Messieurs les Modérateurs, mes chers collègues,


En 1977, la Société Nationale Française de Gastro-Entérologie organisait à la tour Olivier de Serres, dans le 15ème arrondissement de Paris, les premières Journées Francophones de Pathologie Digestive. Il y avait là quelque trois-cents participants, et le soutien financier unique du promoteur industriel d'un pansement gastrique à base d'alumine. Le secrétaire général organisateur était un certain Yves Le Quintrec, celui-là même qui jetait alors les bases d'une école de Gastro-Entérologie et de Nutrition. Les marques de fabrique de cette école étaient, avec l'éclairage du temps, la probité et la priorité toujours donnée aux soins, au risque de rendre plus ardue la quête du rayonnement scientifique. Chacun à leur manière, à l'hôpital Rothschild puis à l'hôpital Saint-Antoine, Jean-Pierre Gendre et Jacques Cosnes ont su rester fidèles à cet esprit, qui n'est sans doute pas étranger au fait que nous ayons la chance de compter aujourd'hui dans les rangs de l'équipe universitaire Philippe Seksik et Harry Sokol.

Sans cesser d'évoluer et d'accroître leur audience au fil de leurs 36 éditions, les Journées ont atteint la maturité scientifique et organisationnelle. Nous devons cela avant tout au talent et à l'énergie exceptionnels des secrétaires généraux successifs qu'il convient de saluer un par un : Raymond Colin, Jean-François Bretagne, Marc-André Bigard, Etienne Dorval, et bien sûr Guillaume Cadiot qui, avec le culot de l'homme de la place Tien An Men, a fomenté seul puis magistralement réussi la révolution improbable des JFHOD. Jean-Christophe Saurin mesure depuis, chaque jour j'imagine, l'exigence, l'honneur et le poids de cette charge de secrétaire général. Il relève tous les défis attenants avec brio ; notamment celui de préserver l'intrication fonctionnelle et l'équilibre avec la Formation Médicale Continue en Hépato-Gastro-Entérologie présidée cette année par Patrice Pienkowski. Je le salue ici en tant qu'ancien administrateur heureux de ce groupe qui réalise, dans l'excellence depuis maintenant des années, le tour de force d'une mise à jour annuelle quasi complète des évolutions majeures de la discipline, dans le respect de la parité éditoriale entre hospitaliers et libéraux.

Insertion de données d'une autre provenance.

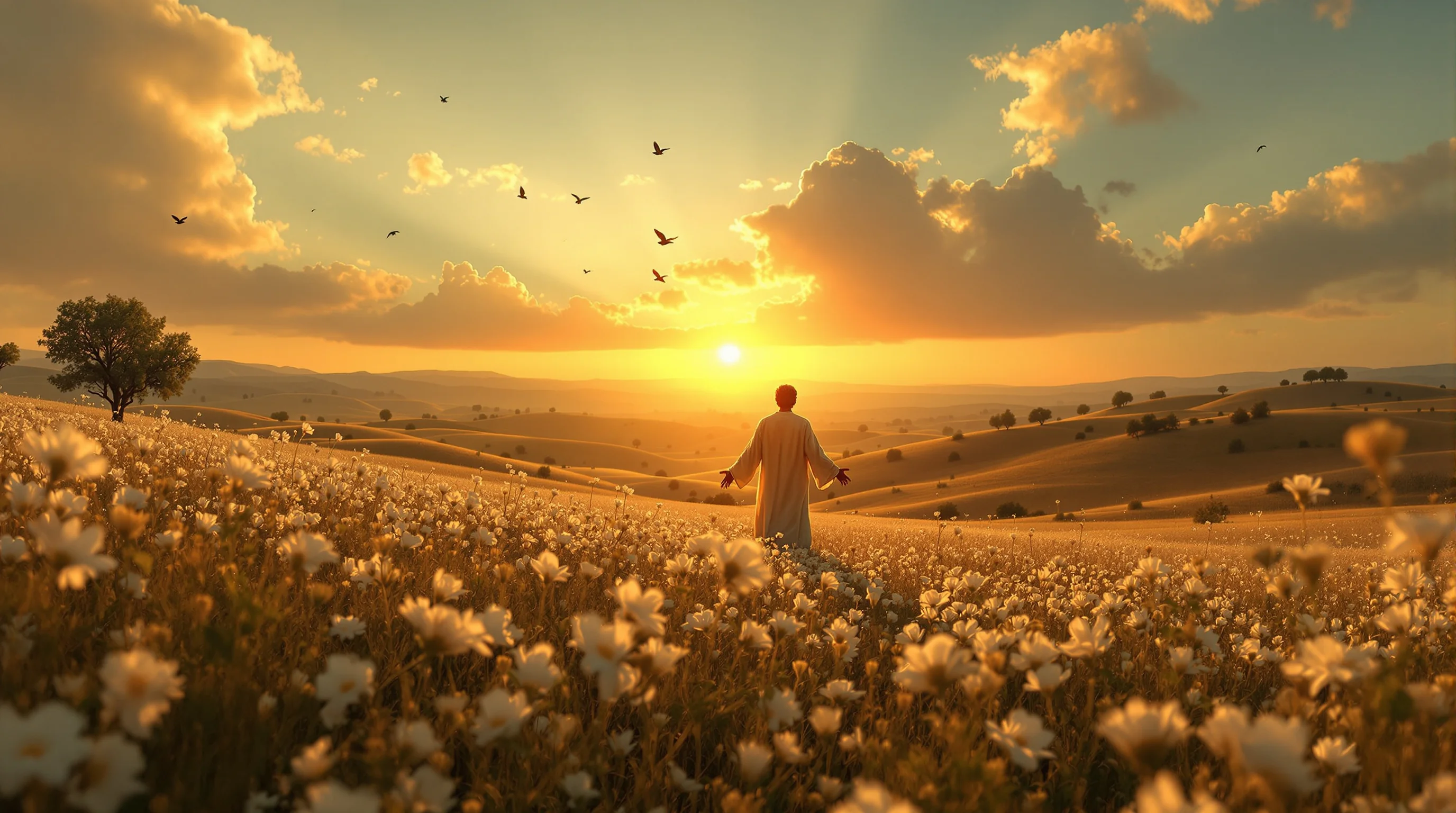Seek first the kingdom: figure in golden field with lilies and birds, symbolizing trust over worry (Matthew 6:25-34)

On ne résume pas souvent l'intitulé des Journées à un mot, les Francophones, par hasard. Quel bonheur de pouvoir une fois par an vivre dans la langue de Molière, officiellement et sans complexes, des échanges scientifiques entrecoupés de moments de convivialité. Les collègues européens et nord-américains qui passent par le palais des Congrès sont surpris et impressionnés par la qualité et l'audience des JFHOD. Beaucoup font de ces journées le deuxième meilleur congrès européen annuel de pathologie digestive, juste derrière l'UEGW. Il n'en serait pas ainsi sans l'assiduité et l'implication scientifique de nos collègues et amis Marocains, Tunisiens, Algériens, mais aussi Africains sub-sahariens, Libanais, Canadiens, et plus près de nous, Belges et Suisses. L'avenir de la francophonie ne se joue ni se décrète sous les lambris des ministères. La vivacité et la qualité de la langue s'entretiennent à force de pratique, d'initiatives et d'actions, telles que les JFHOD ou l'école de Rabat. On ne saurait nier pour autant que l'anglais est devenu l'espéranto du rayonnement international. Mais plutôt que de se laisser aller à un charabia franglais («le malade a été référé dans le département pour une colite ulcéreuse extensive»), cultivons le bilinguisme vrai, et cela dès le je plus jeune âge universitaire. J'ai tenté récemment là Saint-Antoine l'expérience de faire la visite en anglais avec les externes et les internes, avant bien sûr de rentrer dans la chambre des malades. J'ai dû battre en retraite car cette initiative était perçue par les jeunes comme un pensum, un stress supplémentaire, plutôt qu'une gymnastique intellectuelle utile.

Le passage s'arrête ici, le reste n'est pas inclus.